## WORK INSTRUCTIONS
Repeat exactly the opening lines of the records, ending with the line that contains "LED-Deckenleuchte ROUND LED/18W/230V".

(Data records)
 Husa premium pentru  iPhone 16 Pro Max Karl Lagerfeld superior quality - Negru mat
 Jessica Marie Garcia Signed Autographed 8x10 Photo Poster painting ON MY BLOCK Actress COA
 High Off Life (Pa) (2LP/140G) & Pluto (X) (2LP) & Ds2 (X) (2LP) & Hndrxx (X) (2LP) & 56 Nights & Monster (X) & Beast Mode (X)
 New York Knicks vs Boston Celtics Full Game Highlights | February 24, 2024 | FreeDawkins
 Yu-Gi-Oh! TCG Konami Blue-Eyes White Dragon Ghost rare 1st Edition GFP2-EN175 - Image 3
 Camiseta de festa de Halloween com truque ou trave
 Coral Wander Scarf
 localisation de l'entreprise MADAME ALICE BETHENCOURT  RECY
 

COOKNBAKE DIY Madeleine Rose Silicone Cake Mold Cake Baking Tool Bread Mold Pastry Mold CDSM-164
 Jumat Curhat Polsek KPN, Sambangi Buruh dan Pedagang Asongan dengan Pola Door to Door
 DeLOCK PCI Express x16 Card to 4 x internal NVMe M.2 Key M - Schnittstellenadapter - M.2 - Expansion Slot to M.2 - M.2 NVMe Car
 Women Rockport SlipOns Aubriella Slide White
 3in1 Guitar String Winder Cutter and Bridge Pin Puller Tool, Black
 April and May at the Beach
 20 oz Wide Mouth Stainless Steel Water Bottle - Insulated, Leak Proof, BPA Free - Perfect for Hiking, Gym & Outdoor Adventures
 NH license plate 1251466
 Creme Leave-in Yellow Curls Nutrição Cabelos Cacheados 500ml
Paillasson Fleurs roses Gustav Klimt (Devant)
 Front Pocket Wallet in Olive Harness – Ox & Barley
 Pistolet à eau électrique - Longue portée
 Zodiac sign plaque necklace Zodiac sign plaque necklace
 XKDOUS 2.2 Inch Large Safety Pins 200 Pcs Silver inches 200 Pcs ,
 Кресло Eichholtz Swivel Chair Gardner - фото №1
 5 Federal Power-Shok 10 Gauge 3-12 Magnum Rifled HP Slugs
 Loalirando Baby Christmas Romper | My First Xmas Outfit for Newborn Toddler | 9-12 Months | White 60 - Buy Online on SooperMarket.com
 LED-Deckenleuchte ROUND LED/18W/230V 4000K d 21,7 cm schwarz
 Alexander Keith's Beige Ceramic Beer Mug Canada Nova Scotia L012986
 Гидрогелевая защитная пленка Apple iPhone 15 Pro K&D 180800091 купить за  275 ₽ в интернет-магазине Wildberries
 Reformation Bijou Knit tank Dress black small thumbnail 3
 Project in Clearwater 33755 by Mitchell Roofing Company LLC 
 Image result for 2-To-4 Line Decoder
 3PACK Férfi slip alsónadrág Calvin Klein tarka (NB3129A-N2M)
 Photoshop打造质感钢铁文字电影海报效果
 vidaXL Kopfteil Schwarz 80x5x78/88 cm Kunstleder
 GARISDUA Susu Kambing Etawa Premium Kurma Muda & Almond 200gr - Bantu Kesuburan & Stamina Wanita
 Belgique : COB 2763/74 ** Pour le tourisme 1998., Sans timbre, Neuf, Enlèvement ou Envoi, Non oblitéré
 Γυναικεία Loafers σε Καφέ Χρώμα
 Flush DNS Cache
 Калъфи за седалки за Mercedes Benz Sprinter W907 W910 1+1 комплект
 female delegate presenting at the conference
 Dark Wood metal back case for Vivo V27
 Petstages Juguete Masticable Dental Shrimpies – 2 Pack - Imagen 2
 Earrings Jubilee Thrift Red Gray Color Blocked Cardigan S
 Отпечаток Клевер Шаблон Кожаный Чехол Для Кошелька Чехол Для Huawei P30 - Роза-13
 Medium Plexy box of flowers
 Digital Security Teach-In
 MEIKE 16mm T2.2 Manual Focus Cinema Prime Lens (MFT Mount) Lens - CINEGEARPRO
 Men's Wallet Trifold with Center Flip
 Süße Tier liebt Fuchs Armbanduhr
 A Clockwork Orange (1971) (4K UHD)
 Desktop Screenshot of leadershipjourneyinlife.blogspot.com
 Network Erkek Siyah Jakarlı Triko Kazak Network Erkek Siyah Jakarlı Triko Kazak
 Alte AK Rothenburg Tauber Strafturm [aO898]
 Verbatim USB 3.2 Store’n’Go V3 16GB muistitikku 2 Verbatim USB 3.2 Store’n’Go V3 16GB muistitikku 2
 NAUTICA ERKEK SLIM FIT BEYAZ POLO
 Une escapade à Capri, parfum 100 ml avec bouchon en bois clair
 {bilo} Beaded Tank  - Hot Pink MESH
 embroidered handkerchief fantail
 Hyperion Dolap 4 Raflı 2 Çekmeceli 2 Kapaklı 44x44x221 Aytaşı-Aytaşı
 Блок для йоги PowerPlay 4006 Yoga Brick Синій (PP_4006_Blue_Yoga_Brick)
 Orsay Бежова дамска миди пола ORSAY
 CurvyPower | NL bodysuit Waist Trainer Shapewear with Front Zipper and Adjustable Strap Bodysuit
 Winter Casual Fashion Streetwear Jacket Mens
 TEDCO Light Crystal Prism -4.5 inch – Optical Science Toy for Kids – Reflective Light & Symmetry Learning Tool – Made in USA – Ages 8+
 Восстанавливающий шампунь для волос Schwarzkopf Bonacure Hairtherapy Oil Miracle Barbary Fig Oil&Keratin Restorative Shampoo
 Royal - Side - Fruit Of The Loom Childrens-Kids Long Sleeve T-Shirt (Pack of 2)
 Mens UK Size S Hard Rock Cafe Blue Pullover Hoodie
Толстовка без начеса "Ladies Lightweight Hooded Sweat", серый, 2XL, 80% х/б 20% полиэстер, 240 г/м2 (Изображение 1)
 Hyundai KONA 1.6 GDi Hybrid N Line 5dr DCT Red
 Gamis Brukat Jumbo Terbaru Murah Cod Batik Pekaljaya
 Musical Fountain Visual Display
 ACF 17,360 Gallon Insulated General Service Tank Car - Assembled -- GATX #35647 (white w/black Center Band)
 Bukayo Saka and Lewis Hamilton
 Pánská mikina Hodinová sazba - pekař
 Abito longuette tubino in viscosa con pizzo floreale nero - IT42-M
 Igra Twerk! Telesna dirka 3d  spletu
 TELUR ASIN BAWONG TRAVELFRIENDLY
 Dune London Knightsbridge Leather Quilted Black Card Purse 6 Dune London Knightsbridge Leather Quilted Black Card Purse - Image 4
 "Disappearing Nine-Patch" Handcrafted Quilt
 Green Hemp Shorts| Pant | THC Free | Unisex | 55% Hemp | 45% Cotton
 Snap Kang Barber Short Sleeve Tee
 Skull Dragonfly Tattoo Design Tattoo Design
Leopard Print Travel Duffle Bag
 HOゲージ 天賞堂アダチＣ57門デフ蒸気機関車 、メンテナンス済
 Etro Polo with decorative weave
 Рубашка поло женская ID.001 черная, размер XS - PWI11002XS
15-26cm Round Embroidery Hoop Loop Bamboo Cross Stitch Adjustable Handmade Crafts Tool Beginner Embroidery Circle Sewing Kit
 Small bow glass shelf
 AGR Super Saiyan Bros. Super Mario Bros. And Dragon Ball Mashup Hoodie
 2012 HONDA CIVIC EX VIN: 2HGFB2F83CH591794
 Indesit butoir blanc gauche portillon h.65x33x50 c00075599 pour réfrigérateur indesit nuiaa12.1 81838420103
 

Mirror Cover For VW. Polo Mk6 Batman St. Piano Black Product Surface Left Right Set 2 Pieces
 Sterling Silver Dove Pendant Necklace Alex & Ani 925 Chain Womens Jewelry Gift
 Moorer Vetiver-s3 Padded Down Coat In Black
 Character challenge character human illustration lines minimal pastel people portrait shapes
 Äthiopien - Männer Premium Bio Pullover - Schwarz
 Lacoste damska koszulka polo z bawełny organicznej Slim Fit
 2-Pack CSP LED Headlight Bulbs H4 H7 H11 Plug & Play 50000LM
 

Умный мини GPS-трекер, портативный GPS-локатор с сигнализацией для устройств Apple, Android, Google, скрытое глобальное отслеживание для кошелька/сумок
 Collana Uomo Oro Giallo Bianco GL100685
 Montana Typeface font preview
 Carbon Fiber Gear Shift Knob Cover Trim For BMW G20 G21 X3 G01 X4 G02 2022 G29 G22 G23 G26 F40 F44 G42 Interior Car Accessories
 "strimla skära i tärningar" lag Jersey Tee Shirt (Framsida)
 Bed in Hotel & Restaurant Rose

## EXERCISE SOLUTION
 Husa premium pentru  iPhone 16 Pro Max Karl Lagerfeld superior quality - Negru mat
 Jessica Marie Garcia Signed Autographed 8x10 Photo Poster painting ON MY BLOCK Actress COA
 High Off Life (Pa) (2LP/140G) & Pluto (X) (2LP) & Ds2 (X) (2LP) & Hndrxx (X) (2LP) & 56 Nights & Monster (X) & Beast Mode (X)
 New York Knicks vs Boston Celtics Full Game Highlights | February 24, 2024 | FreeDawkins
 Yu-Gi-Oh! TCG Konami Blue-Eyes White Dragon Ghost rare 1st Edition GFP2-EN175 - Image 3
 Camiseta de festa de Halloween com truque ou trave
 Coral Wander Scarf
 localisation de l'entreprise MADAME ALICE BETHENCOURT  RECY
 

COOKNBAKE DIY Madeleine Rose Silicone Cake Mold Cake Baking Tool Bread Mold Pastry Mold CDSM-164
 Jumat Curhat Polsek KPN, Sambangi Buruh dan Pedagang Asongan dengan Pola Door to Door
 DeLOCK PCI Express x16 Card to 4 x internal NVMe M.2 Key M - Schnittstellenadapter - M.2 - Expansion Slot to M.2 - M.2 NVMe Car
 Women Rockport SlipOns Aubriella Slide White
 3in1 Guitar String Winder Cutter and Bridge Pin Puller Tool, Black
 April and May at the Beach
 20 oz Wide Mouth Stainless Steel Water Bottle - Insulated, Leak Proof, BPA Free - Perfect for Hiking, Gym & Outdoor Adventures
 NH license plate 1251466
 Creme Leave-in Yellow Curls Nutrição Cabelos Cacheados 500ml
Paillasson Fleurs roses Gustav Klimt (Devant)
 Front Pocket Wallet in Olive Harness – Ox & Barley
 Pistolet à eau électrique - Longue portée
 Zodiac sign plaque necklace Zodiac sign plaque necklace
 XKDOUS 2.2 Inch Large Safety Pins 200 Pcs Silver inches 200 Pcs ,
 Кресло Eichholtz Swivel Chair Gardner - фото №1
 5 Federal Power-Shok 10 Gauge 3-12 Magnum Rifled HP Slugs
 Loalirando Baby Christmas Romper | My First Xmas Outfit for Newborn Toddler | 9-12 Months | White 60 - Buy Online on SooperMarket.com
 LED-Deckenleuchte ROUND LED/18W/230V 4000K d 21,7 cm schwarz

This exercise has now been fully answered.